Dowód a contrario inaczej apagogiczny lub nie wprost wprowadził do matematyki Hipokrates z Chios w V w. p.n.e. Jego użycie spopularyzował w swoich dialogach dydaktycznych Sokrates, stąd używana czasem nazwa "dowód sokratejski". Taki rodzaj rozumowania nazywamy też dowodem "przez sprowadzenie do sprzeczności". Opiera się on na zasadzie kontrapozycji implikacji prostej, czyli na tautologii: "a → b jest równoważne ¬ b → ¬ a", co pozwala ustalić prawdziwość twierdzenia, dowodząc, że z zaprzeczenia jego tezy wynika sprzeczność z założeniami. Odmianą tego typu rozumowania jest dowód "przez sprowadzenie do niedorzeczności" (łac. reductio ad absurdum), w którym z zaprzeczenia tezy wynika sprzeczność z wcześniej udowodnionymi twierdzeniami lub przyjętymi aksjomatami.
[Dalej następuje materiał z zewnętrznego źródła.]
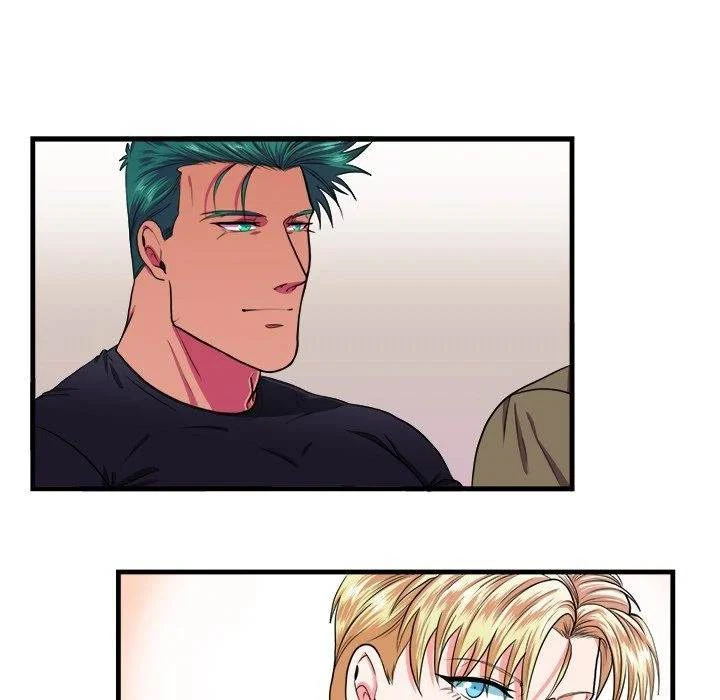Chapter 12, page 25
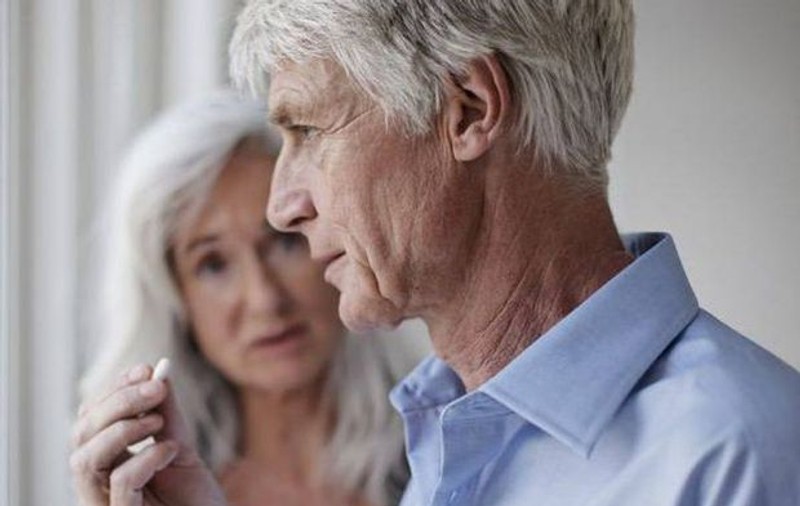 Primul medicament pentru Alzheimer, autorizat în SUA în ultimii 20 de ani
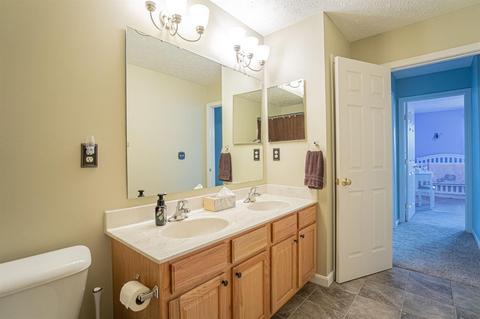 471 Park Pl, Cincinnati, OH 45244 photo 27
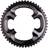 Shimano Ultegra R8000 11 Speed Chainring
Jak poprawnie zapisać nazwę dowodu w języku polskim "nie wprost" - razem czy osobno? Jaka reguła językowa tym rządzi?
Słownik ortograficzny języka polskiego ustala, że partykułę nie jako wykładnik zaprzeczenia piszemy rozdzielnie przed przysłówkami niepochodzącymi od przymiotników, zatem: nie bardzo, nie cacy, nie całkiem, nie dosyć, nie halo, nie dziś, nie fair, nie tylko, nie wczoraj, nie zaraz. Tej regule podlega także pisownia nie wprost. Wyjątkiem od reguły są: niebawem i niezbyt.
Warto przy okazji zwrócić uwagę na pisownię nieraz [z akcentem na nie-] oznaczające 'często' oraz nie raz [z akcentem na raz] oznaczające 'wiele razy'.